Waiting for Super Data
Waiting for Superman has energized reformers and citizens long frustrated with the pace of improvement of American schools. It’s vindicated choice proponents (like me!) who started screaming more than two dozen years ago that attention be paid to the problems that pervade urban and suburban education. Finally, there’s movie - an entertaining, non-wonky, but incredibly smart, movie - that tells it like it is. College students cry when they see the trailer, grown people cry when they see the movie, and a national campaign is on to promote its findings and its solutions.
There’s only one big problem in the entire movie. It uses flawed data to characterize charter schools, leaving viewers confused about why, if charters are only marginally good, is this being touted as a solution?

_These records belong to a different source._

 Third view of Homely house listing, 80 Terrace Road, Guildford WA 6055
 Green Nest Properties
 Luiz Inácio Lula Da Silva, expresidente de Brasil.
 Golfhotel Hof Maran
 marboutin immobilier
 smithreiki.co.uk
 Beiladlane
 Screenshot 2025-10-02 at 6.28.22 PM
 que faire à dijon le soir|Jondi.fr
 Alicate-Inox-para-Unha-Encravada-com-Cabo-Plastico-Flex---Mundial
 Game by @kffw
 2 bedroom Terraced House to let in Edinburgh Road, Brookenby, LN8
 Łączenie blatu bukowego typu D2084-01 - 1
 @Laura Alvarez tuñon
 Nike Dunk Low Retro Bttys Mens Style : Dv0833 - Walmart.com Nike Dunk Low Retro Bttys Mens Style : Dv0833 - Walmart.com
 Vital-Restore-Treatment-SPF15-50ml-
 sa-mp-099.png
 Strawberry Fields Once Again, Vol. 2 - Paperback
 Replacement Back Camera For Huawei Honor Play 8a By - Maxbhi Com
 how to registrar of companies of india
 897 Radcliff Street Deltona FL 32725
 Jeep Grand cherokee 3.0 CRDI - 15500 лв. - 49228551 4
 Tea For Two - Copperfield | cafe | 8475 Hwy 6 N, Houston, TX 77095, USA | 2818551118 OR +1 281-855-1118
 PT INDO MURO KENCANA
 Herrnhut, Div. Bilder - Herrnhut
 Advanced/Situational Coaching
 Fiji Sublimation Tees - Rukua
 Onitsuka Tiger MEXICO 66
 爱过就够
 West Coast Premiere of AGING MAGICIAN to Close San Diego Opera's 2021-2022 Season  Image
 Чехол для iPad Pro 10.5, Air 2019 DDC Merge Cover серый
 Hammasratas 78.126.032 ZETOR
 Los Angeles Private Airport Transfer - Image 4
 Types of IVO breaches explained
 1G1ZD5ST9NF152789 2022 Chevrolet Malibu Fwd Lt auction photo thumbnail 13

The answer of course is that most charter schools are more than marginally good. In fact, in 25 of 40 states with charter schools in the 2009-2010 school year, charter schools outperformed their public school counterparts in most measures of achievement, including the gateway and foundational courses of reading and math. States where this does not happen either have lousy laws (school boards are in control - only) or lousy authorizers (the now famed Ohio example where small theatre groups with no credibility could “authorize” a charter).
There is much more to it, of course, and we’ve written tomes proving that great laws make for great schools. But the movie doesn’t tell the truth about the achievement of charter schools because it relies on the findings of one group’s one study (which is riddled with methodology and data origination flaws). We’ve rebuffed it before and will continue to do so. And, hey it’s easier to quote the New York Times quoting one study than it is to ask state by state how charters are doing. The reality is that real, objective data can only be derived from meaningful apples to apples comparisons of students in states, using state assessments (which is the predominant means of assessing student achievement anyway).
So before the movie airs publicly, we’d humbly suggest the producers take one more look at the data they are using, lest they confuse and undermine their goal of telling their audiences that there is more than one way to deliver good education and help children succeed, that branding a child by zip code is like mandating everyone eat eggs for breakfast, and that without real quality options (which do indeed exist at a rate of three times 17%) we will not change the landscape, nor the skies above it, and we’ll be waiting for Superman for more decades to come.
Charters are not only closing the achievement gap for those stuck in failing schools but educating diverse student populations that represent wide variation in income and race.